All is now quiet on a Sunday afternoon.  But it wasn’t easy.  I had one heck of a time getting the little guy to sleep. Okay, I can't take the credit.  But it wasn't my fault.  I did all I could. Really. Here's how it went down, and since my wife doesn't have a blog you will just have to take my words for it: It was around lunch time, she had just fed him and handed him over as she stepped out of the room for lunch. He wasn't having it. He tussled, fussed, arched his back and spit the nuk at me with the moxie of a gun-slinging villain in a western.  It was high noon and he wasn’t going down without a fight.

I rocked him. I pat his rear, I sang until he was on the verge of tears. Finally the eyes rolled back and we were in business.  The jerking and rolling stopped.  The eyelids fell to a close.  Success.  But…

In the background I heard strange, foreign voices that I traced to the television.  An advertisement for cosmetics, and then perfume, and then, um, other, products….I glanced down in search for the remote.  It was on the coffee table, miles and miles away. And then...

We now return to The Flower Girl, only on Hallmark….

No.  Please no.  For the love of God, NO…

I stared at the remote like Yoda, trying to Jedi mind trick it into my free hand. Nothing doing. I weighed the logical option of getting up from the rocker and turning off the television—once used to watch super bowls and movies based on video games, but presently spewing girly nonsense about a meddling grandmother hitting on a doctor vicariously through her granddaughter--but didn't want to chance it.  Meanwhile my stomach felt like a wad of chewed gum, while other parts of my anatomy were shriveling as well.  Where was my wife?  She had been gone nearly 8 minutes for crying out loud!

I called out for her, using that whisper scream that’s louder than if I were to talk at normal level.  I looked down.  An eye peeked from the curtain. Uh oh.

The speakers crackled on my television, still broadcasting the alien language, uttering words like feelings, fate, charming, and romance.  My son stirred, blinking his eyes and flailing his little arms. He tugged at his ears, and I worried they were stinging from the crap wafting into his brain.

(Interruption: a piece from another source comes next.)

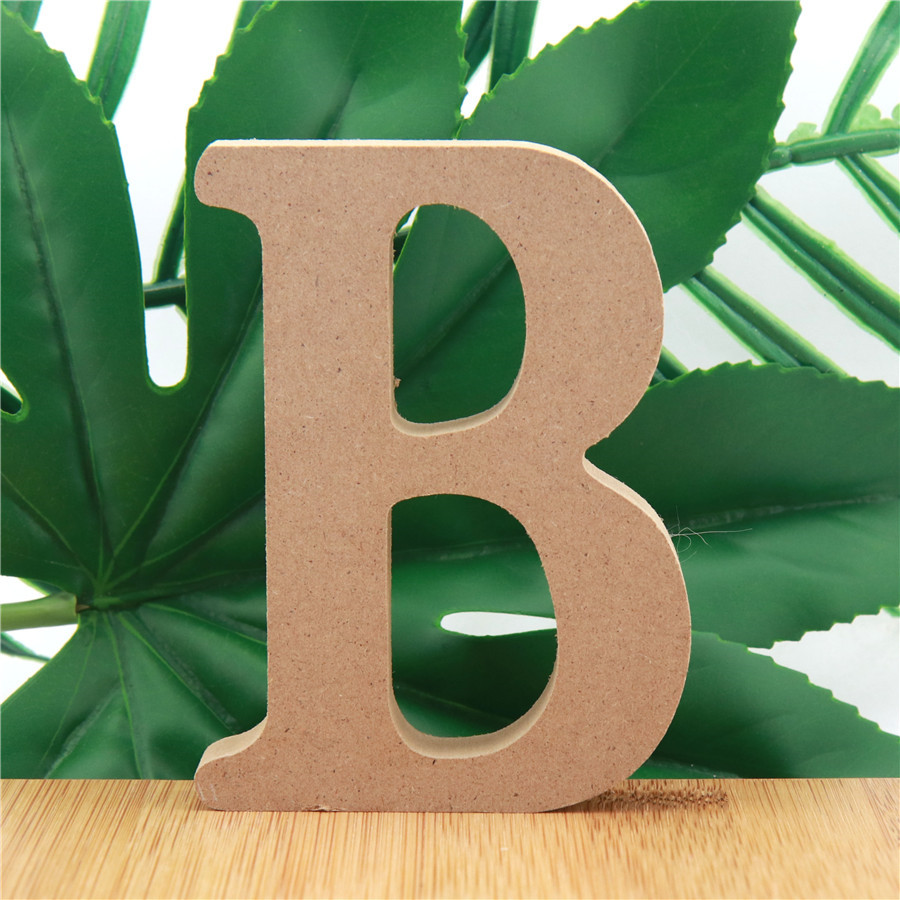 1pc 10cm Wood Color Wooden Let - Art Craft Names review and price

Finally, just as I considered a last ditch effort that involved sticking a stray hair barrette into the electrical outlet in hopes to trip the breaker, my wife sauntered into the room with a salad.

“I think he wants you.”

“I thought he was asleep.”

“No, he wants you.”

She finished her salad and then gave him the boob.  He passed out and now he's in his crib.  I’m beyond feeling useless as I’m writing this.  I’m okay with it.  Thank God for mothers.